Using A Kubernetes Native Sidecar With GitHub ARC

Category:

Tags:

#ARC

#Containers

#DevOps

#GitHub

Published: December 20, 2024 Reading Time: 7 min

This week you get a bonus – the conclusion to the discussion of Kubernetes native sidecars! In the last post, we discussed the problems that native sidecars are designed to solve and how they work. In this post, we’ll look at a practical example that can benefit from this functionality.

As you probably guessed from the title, this example will explore how to use native sidecars to improve how GitHub Actions Runner Controller (ARC) supports Docker-in-Docker (DinD) containers. As a reminder, the native sidecar functionality is currently still considered to be in Beta. That means that is is on by default and generally stable, well-tested, and considered safe. Support for the feature will not be dropped, but details or semantics could change in subsequent releases. Native sidecars support is available on any cluster running 1.29 or later. It is expected to be generally available in 2025 as part of Kubernetes 1.33.

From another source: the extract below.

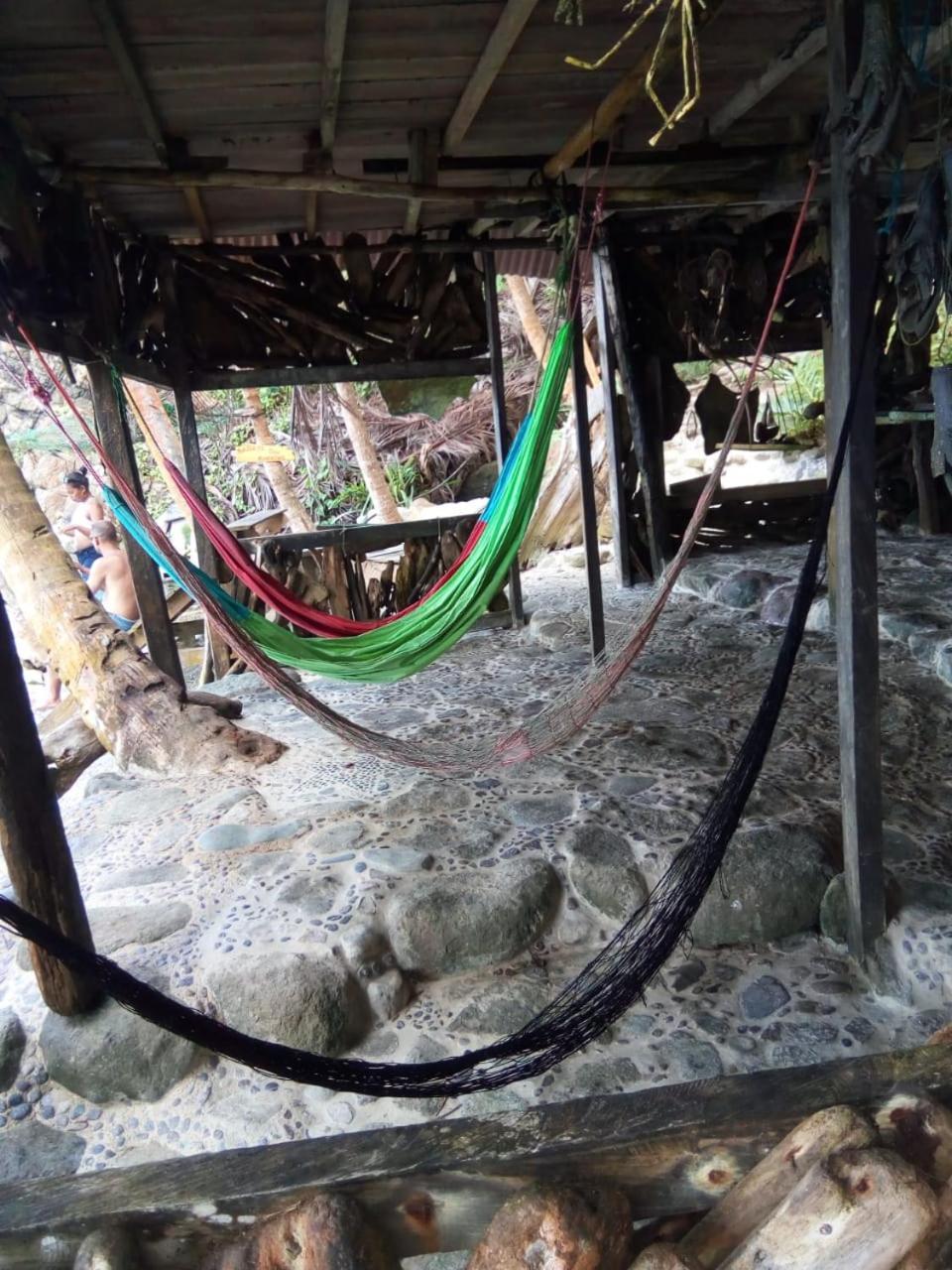 Hostal กาปูร์กานา ภายนอก รูปภาพ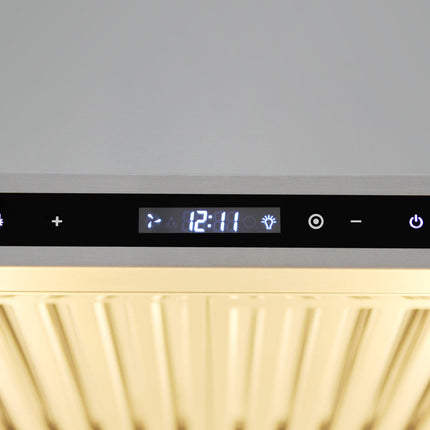 30" Wall Mount Range Hood in Stainless Steel HRH3007 - RenoShop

Why we want a native sidecar

In the case of ARC, a sidecar is used to support the Docker-in-Docker container mode. This mode supports workflows that need to use Docker commands to build and test images or run Dockerfile based Actions. It uses the docker:dind image as a sidecar to provide this functionality. The dind container uses a shared volume to provide the Docker socket to the main application container. This allows the runner to use Docker commands as if it was running in a local Docker environment. It also isolates the higher-privilege Docker host from the main application container.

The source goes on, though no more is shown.